Friday, January 12, 2018

Vintage poster, Sarnath

I was looking for vintage posters on travel to India, when I came across this one:

It's from the 1930's, for travel to Varanasi (to the holy Buddhist site of Sarnath). Commissioned by the Railways, it is part of a series designed by the artist Dorothy Newsome. She signs her name as D. Newsome, so of course, true to stereotype, I assumed it was a male artist. You think you're a feminist, and then this sort of thing comes along and trips you. I live and learn. Printed at the Calcutta Chromotype Ltd at Bowbazaar in Calcutta.

The word the poster uses for Sarnath is "Isipatana", the ancient name for the Deer Park where the Buddha preached his first sermon and set in motion the Wheel of Dharma (Dhamma Chakka).

Isipatana is an open space near Varanasi; it is the site of the famous Migadāya or Deer Park. After his Enlightenment, the Buddha joined his friends, the Pañcavaggiya monks, who were in Isipatana. To them he preached his first sermon, the Dhammacakkappavattana Sutta, on a full-moon day.

The name "Isipatana" is derived from the belief that sages and divine beings, as they fly to/from the Himalayas, alight here. In the Pali canon, the phrase "isayo ettha nipatanti uppatanti cāti-Isipatanam", means, "the place where the divine beings fly down to and alight/stay, that is known as Isipatana".

Isipatana is not just where the first sermon was preached. It is also the place where the Buddha spent many rainy seasons. Thus, many sermons originated here.
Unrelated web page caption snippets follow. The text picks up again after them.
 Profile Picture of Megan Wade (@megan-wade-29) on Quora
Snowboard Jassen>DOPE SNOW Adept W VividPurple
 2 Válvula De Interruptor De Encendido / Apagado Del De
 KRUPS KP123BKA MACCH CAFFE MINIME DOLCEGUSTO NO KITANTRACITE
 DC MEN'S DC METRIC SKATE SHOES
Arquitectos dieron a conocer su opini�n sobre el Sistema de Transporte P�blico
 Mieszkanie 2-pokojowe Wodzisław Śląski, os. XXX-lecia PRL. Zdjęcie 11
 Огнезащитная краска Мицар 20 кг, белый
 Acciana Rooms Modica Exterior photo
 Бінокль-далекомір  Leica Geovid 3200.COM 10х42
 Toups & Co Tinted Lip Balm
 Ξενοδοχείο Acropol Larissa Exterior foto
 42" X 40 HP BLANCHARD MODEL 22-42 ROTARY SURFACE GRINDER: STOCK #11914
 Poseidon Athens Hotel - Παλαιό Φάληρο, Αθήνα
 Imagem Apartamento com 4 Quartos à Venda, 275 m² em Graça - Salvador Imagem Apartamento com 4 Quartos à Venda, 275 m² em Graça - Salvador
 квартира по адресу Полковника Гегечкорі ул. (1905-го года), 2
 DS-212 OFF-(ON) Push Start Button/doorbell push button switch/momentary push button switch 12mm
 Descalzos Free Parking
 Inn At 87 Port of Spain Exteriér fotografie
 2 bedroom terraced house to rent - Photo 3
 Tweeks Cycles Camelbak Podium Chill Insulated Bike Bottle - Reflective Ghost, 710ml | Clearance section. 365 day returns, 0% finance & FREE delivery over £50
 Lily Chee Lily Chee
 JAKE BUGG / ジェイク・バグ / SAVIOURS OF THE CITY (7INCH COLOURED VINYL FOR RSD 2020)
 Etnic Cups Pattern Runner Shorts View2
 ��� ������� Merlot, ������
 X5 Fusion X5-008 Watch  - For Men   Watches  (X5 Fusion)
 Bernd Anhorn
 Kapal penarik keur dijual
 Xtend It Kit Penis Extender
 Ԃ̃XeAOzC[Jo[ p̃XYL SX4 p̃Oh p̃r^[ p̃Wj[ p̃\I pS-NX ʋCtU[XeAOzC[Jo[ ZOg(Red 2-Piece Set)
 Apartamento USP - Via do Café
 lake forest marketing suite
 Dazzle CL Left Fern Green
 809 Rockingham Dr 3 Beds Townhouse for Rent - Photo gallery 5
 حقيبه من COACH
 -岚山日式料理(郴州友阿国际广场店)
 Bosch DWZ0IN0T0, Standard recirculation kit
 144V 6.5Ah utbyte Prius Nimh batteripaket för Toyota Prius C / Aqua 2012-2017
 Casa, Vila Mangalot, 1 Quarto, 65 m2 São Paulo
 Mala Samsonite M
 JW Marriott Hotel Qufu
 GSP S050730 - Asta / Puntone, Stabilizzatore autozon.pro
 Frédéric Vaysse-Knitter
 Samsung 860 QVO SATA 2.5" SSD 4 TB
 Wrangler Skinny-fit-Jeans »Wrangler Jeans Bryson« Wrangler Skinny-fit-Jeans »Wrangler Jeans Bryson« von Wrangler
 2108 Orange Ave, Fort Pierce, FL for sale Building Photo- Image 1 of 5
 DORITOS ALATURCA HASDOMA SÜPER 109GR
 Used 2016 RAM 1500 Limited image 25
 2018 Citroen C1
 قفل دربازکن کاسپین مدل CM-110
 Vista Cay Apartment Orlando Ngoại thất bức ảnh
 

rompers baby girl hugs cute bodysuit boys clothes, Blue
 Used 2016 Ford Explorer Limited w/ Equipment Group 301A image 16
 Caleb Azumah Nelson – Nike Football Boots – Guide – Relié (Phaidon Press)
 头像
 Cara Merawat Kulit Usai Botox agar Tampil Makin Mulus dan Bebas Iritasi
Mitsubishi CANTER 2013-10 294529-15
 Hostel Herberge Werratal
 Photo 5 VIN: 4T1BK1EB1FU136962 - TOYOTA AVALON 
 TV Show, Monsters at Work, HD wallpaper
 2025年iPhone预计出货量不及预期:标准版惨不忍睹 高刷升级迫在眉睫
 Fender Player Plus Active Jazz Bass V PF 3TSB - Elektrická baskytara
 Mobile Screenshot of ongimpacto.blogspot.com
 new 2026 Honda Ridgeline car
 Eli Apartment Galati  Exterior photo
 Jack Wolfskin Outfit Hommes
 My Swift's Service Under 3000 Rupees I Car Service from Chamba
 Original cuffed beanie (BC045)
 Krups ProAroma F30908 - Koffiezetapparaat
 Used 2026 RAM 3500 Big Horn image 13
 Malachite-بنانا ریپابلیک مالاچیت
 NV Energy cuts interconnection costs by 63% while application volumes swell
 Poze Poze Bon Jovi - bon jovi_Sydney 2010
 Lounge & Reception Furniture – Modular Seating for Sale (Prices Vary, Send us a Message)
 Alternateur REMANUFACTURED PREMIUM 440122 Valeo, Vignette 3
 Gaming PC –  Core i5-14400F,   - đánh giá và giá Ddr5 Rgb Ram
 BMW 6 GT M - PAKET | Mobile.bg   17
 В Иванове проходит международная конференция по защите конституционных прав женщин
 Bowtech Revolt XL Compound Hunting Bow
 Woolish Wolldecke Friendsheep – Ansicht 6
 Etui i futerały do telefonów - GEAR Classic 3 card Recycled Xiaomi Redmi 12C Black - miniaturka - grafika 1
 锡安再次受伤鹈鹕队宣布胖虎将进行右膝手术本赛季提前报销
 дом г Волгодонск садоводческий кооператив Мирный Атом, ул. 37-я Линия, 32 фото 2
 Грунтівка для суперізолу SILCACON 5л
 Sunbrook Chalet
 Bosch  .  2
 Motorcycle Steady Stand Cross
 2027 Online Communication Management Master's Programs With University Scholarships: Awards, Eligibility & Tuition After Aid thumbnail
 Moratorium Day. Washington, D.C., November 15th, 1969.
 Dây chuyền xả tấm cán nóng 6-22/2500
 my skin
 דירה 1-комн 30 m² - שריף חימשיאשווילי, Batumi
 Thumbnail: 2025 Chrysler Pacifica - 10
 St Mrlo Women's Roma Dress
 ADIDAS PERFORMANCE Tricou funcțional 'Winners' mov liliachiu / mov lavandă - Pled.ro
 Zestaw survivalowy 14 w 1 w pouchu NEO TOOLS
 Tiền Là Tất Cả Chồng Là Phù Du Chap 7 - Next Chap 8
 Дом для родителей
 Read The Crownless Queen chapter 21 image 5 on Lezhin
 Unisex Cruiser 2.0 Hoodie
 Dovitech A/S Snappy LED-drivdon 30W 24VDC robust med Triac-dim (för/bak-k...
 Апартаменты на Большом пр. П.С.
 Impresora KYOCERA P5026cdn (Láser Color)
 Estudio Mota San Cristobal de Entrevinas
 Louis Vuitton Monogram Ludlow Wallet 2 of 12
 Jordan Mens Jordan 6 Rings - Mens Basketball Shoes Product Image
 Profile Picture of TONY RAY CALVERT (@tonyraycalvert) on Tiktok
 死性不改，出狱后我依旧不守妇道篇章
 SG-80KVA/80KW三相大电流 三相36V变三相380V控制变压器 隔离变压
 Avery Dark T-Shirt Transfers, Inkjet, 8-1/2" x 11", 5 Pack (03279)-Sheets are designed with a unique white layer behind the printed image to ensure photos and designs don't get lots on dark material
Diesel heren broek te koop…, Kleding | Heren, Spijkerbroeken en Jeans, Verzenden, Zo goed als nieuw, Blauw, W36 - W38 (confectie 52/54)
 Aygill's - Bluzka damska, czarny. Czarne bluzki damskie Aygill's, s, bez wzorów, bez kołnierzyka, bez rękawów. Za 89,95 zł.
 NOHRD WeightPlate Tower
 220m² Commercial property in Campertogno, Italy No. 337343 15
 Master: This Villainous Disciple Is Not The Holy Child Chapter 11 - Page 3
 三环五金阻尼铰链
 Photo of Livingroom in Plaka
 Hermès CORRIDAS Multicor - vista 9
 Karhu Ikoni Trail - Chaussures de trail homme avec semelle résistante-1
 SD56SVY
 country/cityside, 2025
Isipatana was a very large and thriving Buddhist centre. We know from written records that there was a large community of monks at Isipatana in the second century B.C, when at the foundation ceremony of the Stupa in Anurādhapura, Sri Lanka, twelve thousand monks went from Isipatana,  led by the Elder Dhammasena. The Chinese traveller Huen Tsang, in the 7th century AD, recorded that 1500 monks were studying the Hinayana form of Buddhism in Isipatana.